● DATA:

=-=-=-=-=

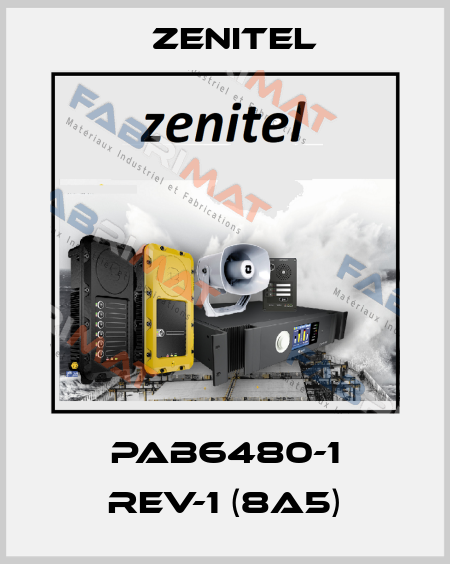 PAB6480-1 REV-1 (8A5) Zenitel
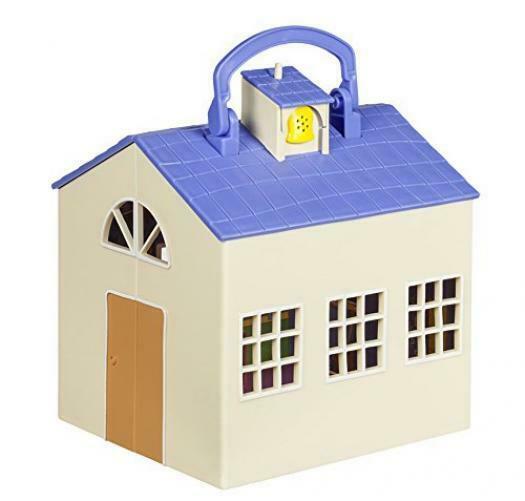 Peppa Pig's School Playset  Zoe Zebra & Madame Gazelle Toy Figures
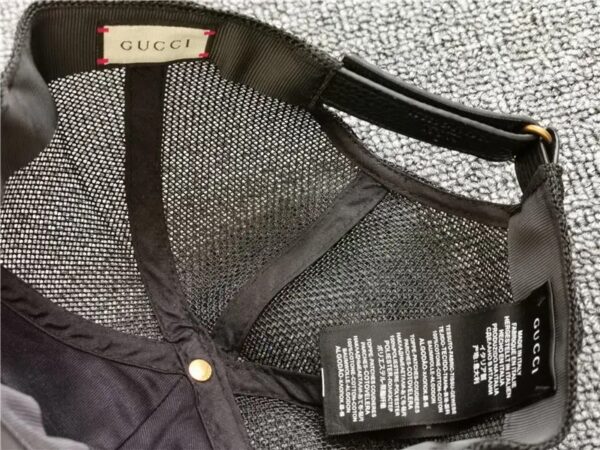 GUCCI CAP - Image 5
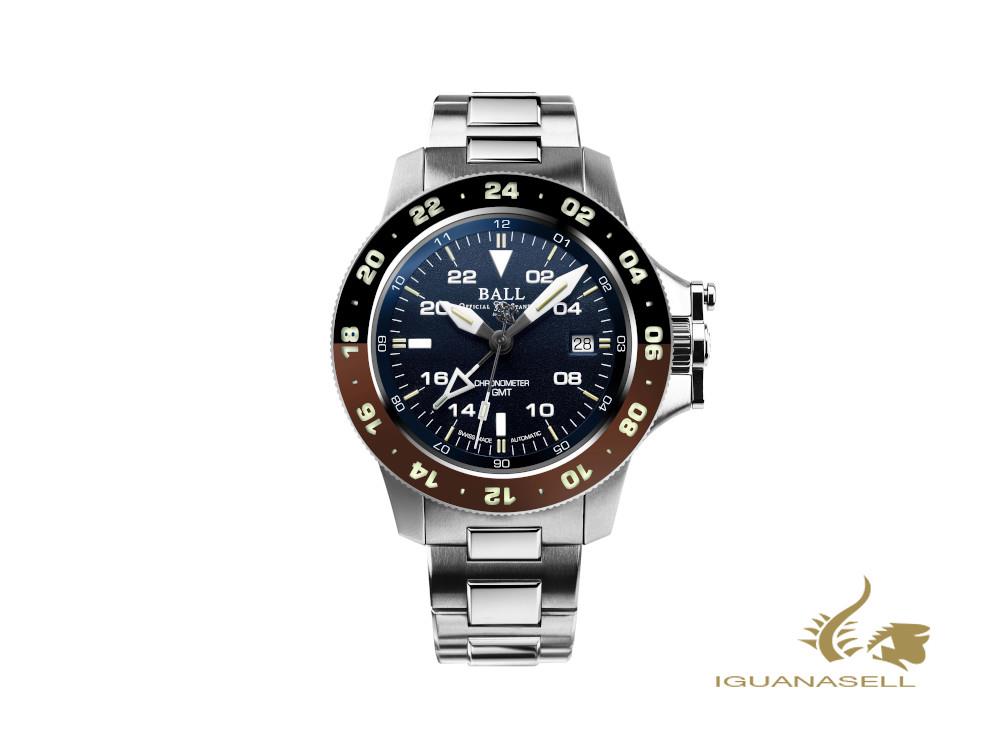 Montre automatique Ball Engineer Hydrocarbon AeroGMT II, ​​COSC, DG2118C-S12C-BE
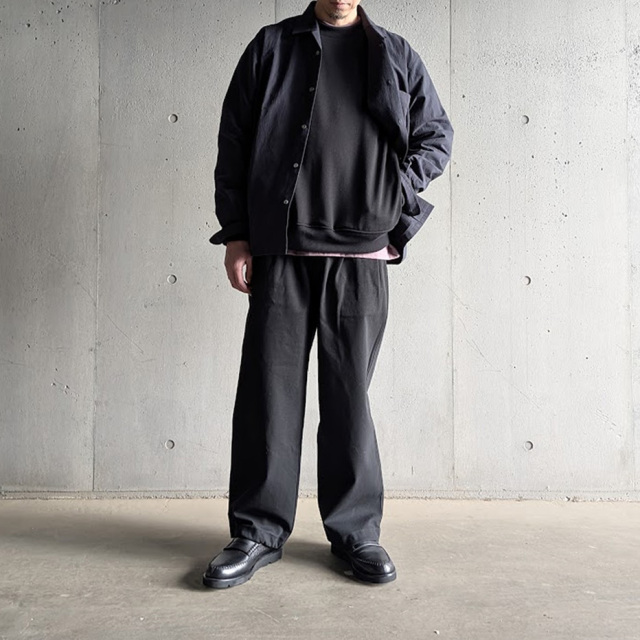 LAMOND (ラモンド) LM-S-097-LI [ COTTON/LINEN WASHER JACKET
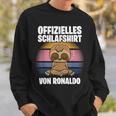 Official Ronaldo Sleep Personalised S Sweatshirt Geschenke für Ihn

=-=-=-=-=

● EXERCISE PROMPT: The result is an exact copy of the lines from the one holding "Peppa Pig's School" through the final line of the data above, both ends included, minus the pictures.

● RESPONSE BOX:
 Peppa Pig's School Playset  Zoe Zebra & Madame Gazelle Toy Figures
 GUCCI CAP - Image 5
 Montre automatique Ball Engineer Hydrocarbon AeroGMT II, ​​COSC, DG2118C-S12C-BE
 LAMOND (ラモンド) LM-S-097-LI [ COTTON/LINEN WASHER JACKET
 Official Ronaldo Sleep Personalised S Sweatshirt Geschenke für Ihn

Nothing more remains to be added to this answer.